Additionally, allow mmap prepare functions to return an error so we can
error out as soon as possible if there is something logically incorrect in
the input.
Update remap_pfn_range_prepare() to properly check the input range for the
CoW case.
Also remove io_remap_pfn_range_complete(), as we can simply set up the
fields correctly in io_remap_pfn_range_prepare() and use
remap_pfn_range_complete() for this.
While we're here, make remap_pfn_range_prepare_vma() a little neater, and
pass mmap_action directly to call_action_complete().
Then, update compat_vma_mmap() to perform its logic directly, as
__compat_vma_map() is not used by anything so we don't need to export it.
Also update compat_vma_mmap() to use vfs_mmap_prepare() rather than
calling the mmap_prepare op directly.
Finally, update the VMA userland tests to reflect the changes.
Signed-off-by: Lorenzo Stoakes (Oracle) <ljs@kernel.org>
---
include/linux/fs.h | 2 -
include/linux/mm.h | 7 +-
mm/internal.h | 32 ++++----
mm/memory.c | 45 +++++++----
mm/util.c | 121 +++++++++++++-----------------
mm/vma.c | 24 +++---
tools/testing/vma/include/dup.h | 7 +-
tools/testing/vma/include/stubs.h | 8 +-
8 files changed, 126 insertions(+), 120 deletions(-)

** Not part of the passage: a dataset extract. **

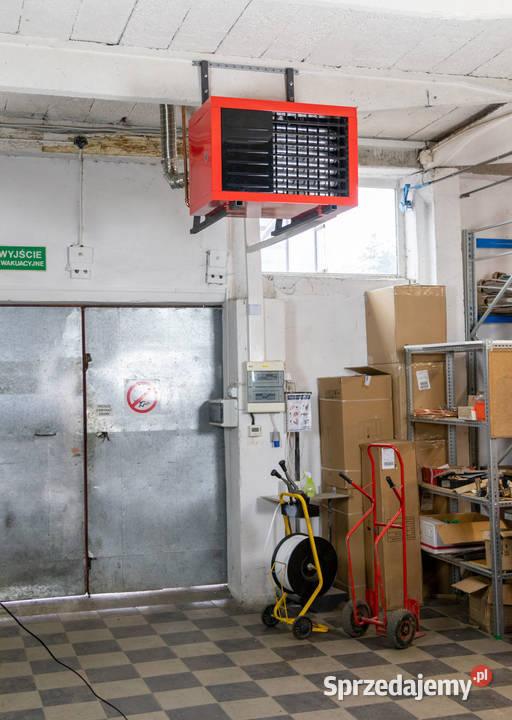 Nagrzewnica gazowa powietrza 26 kW ścienna Stąporków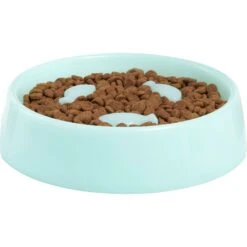 Frisco Fish Shaped Ridges Slow Feed Bowl 10 Frisco Fish Shaped Ridges Slow Feed Bowl -Meow Meals 216046 PT2. AC SS1800 V1591020701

diff --git a/include/linux/fs.h b/include/linux/fs.h
index 8b3dd145b25e..a2628a12bd2b 100644
--- a/include/linux/fs.h
+++ b/include/linux/fs.h
@@ -2058,8 +2058,6 @@ static inline bool can_mmap_file(struct file *file)
return true;
}
-int __compat_vma_mmap(const struct file_operations *f_op,
- struct file *file, struct vm_area_struct *vma);
int compat_vma_mmap(struct file *file, struct vm_area_struct *vma);
static inline int vfs_mmap(struct file *file, struct vm_area_struct *vma)
diff --git a/include/linux/mm.h b/include/linux/mm.h
index 42cc40aa63d9..1e63b3a44a47 100644
--- a/include/linux/mm.h
+++ b/include/linux/mm.h
@@ -4320,10 +4320,9 @@ static inline void mmap_action_ioremap_full(struct vm_area_desc *desc,
mmap_action_ioremap(desc, desc->start, start_pfn, vma_desc_size(desc));
}
-void mmap_action_prepare(struct mmap_action *action,
- struct vm_area_desc *desc);
-int mmap_action_complete(struct mmap_action *action,
- struct vm_area_struct *vma);
+int mmap_action_prepare(struct vm_area_desc *desc);
+int mmap_action_complete(struct vm_area_struct *vma,
+ struct mmap_action *action);
/* Look up the first VMA which exactly match the interval vm_start ... vm_end */
static inline struct vm_area_struct *find_exact_vma(struct mm_struct *mm,
diff --git a/mm/internal.h b/mm/internal.h
index 708d240b4198..0256ca44115a 100644
--- a/mm/internal.h
+++ b/mm/internal.h
@@ -1793,26 +1793,28 @@ int walk_page_range_debug(struct mm_struct *mm, unsigned long start,
void dup_mm_exe_file(struct mm_struct *mm, struct mm_struct *oldmm);
int dup_mmap(struct mm_struct *mm, struct mm_struct *oldmm);
-void remap_pfn_range_prepare(struct vm_area_desc *desc, unsigned long pfn);
-int remap_pfn_range_complete(struct vm_area_struct *vma, unsigned long addr,
- unsigned long pfn, unsigned long size, pgprot_t pgprot);
+int remap_pfn_range_prepare(struct vm_area_desc *desc);
+int remap_pfn_range_complete(struct vm_area_struct *vma,
+ struct mmap_action *action);
-static inline void io_remap_pfn_range_prepare(struct vm_area_desc *desc,
- unsigned long orig_pfn, unsigned long size)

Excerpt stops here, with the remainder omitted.